NM: An important aspect about being an independent designer is offering flexibility and delivering fast results. The most common procedure is being initially contacted by email and being sent a manuscript or synopsis and sometimes some ideas or brief guidelines.
I start by reading part of the manuscript and taking very quick notes resembling mind-maps. I just write down keywords or phrases. From here, ideas arise on how to illustrate the cover so it’s just a matter of testing those ideas on paper or screen. I can generate 10-15 different ideas, but only send maximum of three to avoid confusing the client with different options. After choosing what best fits the book we just need to tweak and proof the file and prepare it for printing.
The Fiddleback: What catches your eye when you look at book covers created by other designers?
NM: I like being stunned and puzzled. I like intriguing images that make me think about the title and the image and which make my mind imagine things about what’s inside the book. This can be achieved in both simple and complex ways. I don’t like literal covers where the title says dog and you see a dog on the cover. My opinion is that the reader should be stimulated and not put off. As a reader and designer, I think of book covers as small art objects that I want to carry, hold, and be fascinated by. Reading is all about opening venues in your mind and making you walk in somebody else’s shoes, so I think covers should be addressed in the same way—as a pathway or trigger into something striking, bold, and which makes you want to know more.

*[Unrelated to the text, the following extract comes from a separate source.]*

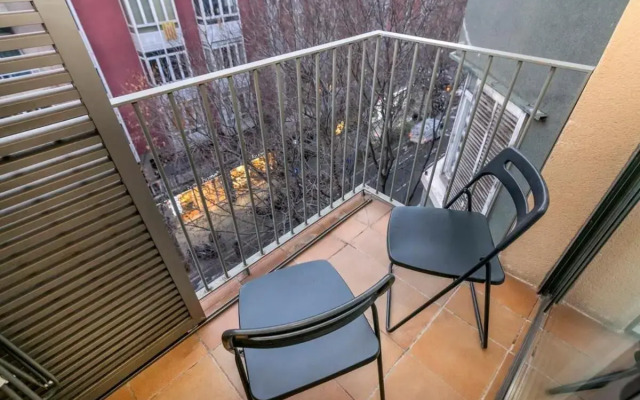 Modern and bright apartment in Eixample 4-2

The Fiddleback: Do you see differences in book covers across different cultures? Are there some universal themes in what appeals to readers/people in book design that spans some or all cultures?
NM: Trends aside, book covers definitely express a bit of the times we live [in] and the power of visual communication in a given moment in time. If we look back in history at designers like Alvin Lustig or Saul Bass, their designs are as alive today as they were in their own times. They’re still contemporary and beautiful. And this is what interests me in graphic design and visual communication in general, this idea that we as human beings are very finite but books and higher art will live on and keep on talking to future generations. This is a very inspiring thought and one that really drives me to look for a style of my own and start fresh everyday.
The Fiddleback: Do you have a personal favorite among all your book covers or one that is special to you for some reason?
NM: I’m very pleased with the cover for Leonard Cohen’s poem-book, God is Alive, Magic is Afoot, released by Galileo Publishers. It’s a simple cover but it combines all the evocative elements I work with: strong color variations, painted watercolor backgrounds, and a good sense of balance in both typography and readability. I think it turned out very subtle and iconic, plus it’s for Leonard Cohen, an artist I deeply admire and respect.